Kill That Transmigrator Woman - Chapter 21

Chapter 21: Looking at Him Up Close
Cui Wanwan, after all, had trained in martial arts and had excellent hearing. She had already sensed their presence the moment her father arrived.
The girl in red spun midair and landed gracefully, coming to a stop.
She turned around and looked up.
Her father had widely accepted disciples and made friends throughout the entire capital, some were even people from the martial world.
So Cui Wanwan wasn’t surprised that an outsider had come to the Cui residence as a guest.
What surprised her was the person himself. It was an utterly ordinary moment of eye contact, and yet it made Cui Wanwan freeze. The sounds around her ears suddenly slowed, and the falling snowflakes seemed to pause midair.

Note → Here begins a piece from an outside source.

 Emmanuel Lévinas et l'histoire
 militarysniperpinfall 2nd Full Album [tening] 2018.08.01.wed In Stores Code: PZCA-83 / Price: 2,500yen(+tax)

In both her previous life and her current one, this was the very first time Cui Wanwan had come into such close contact with Shen Jingzhou, the son of the Great General Shen.
Of course, this excluded the encounters she had in her past life when she’d already become a ghost.
Cui Wanwan was used to seeing Shen Jingzhou as a monk. To suddenly see him now, with hair black as ink, left her momentarily unresponsive.
Shen Jingzhou wasn’t an ordinary young man. He carried the maturity of someone far older, his entire bearing calm and composed beyond his years, as though the world and all its workings lay quietly beneath his gaze.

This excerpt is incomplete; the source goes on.